O dia-a-dia brasileiro, segundo o escritor, limitou bastante o sentido da palavra folclore. Isto porque não existe apenas a "musica folclorica" ou a "dança folclorica", mas sim o folclore em si mesmo: as pragas, as obscenidades, as conversas, as cantigas, os diferentes tipos de linguajar, a pesca de jangada, a dormida na rede. Isto tudo faz parte de um conjunto que, no seu entender, dificilmente pode ser analisado qualquer de seus aspectos isoladamente.
O primeiro artigo de Luís da Camara Cascudo foi publicado num jornal de seu pai, em Natal, e tinha por titulo "A Mulher na Literatura Brasileira".

O homem

Explicando quem era o homem Luís da Camara Cascudo, seu filho Fernando esclareceu que ele acorda cedo, fuma de 15 a 20 charutos por dia, só recebe visitas vestindo paletó de pijama, é iniciado em Teoria Musical e Direito Canonico, toca piano, reza diariamente e traz sempre um terço consigo, mas vai pouco à missa. Detesta formalismo e é comedor nº 1 de sorvetes no Rio Grande do Norte.
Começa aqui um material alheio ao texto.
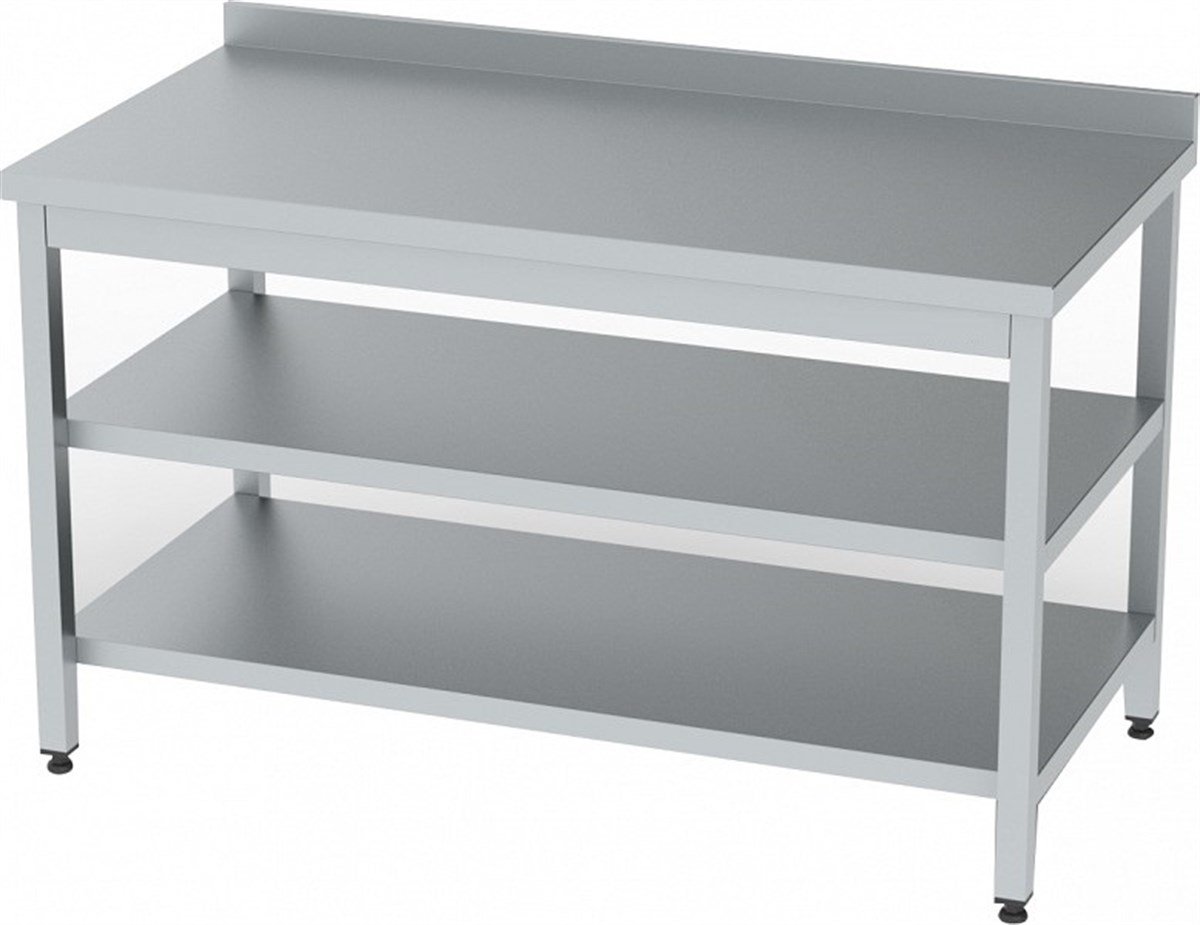 Dtaç12060-120x60x85 cm Ara Raflı , Alt Tablalı Çalışma Tezgahı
Depois de relatar a cronologia de suas obras e revelar que o "Dicionario de Folclore" só surgiu a partir de uma solicitação de Augusto Mayer, que se interessou pelos apontamentos que elaborara para auxiliar o trabalho, Luís da Camara Cascudo encerrou seu depoimento com outra expressão bem humorada:
"Pois é, meus filhos: gosto muito do Brasil. Aqui não tem ladrão, não tem especulação, não tem nada disso. Não é verdade, mas é bem gostoso".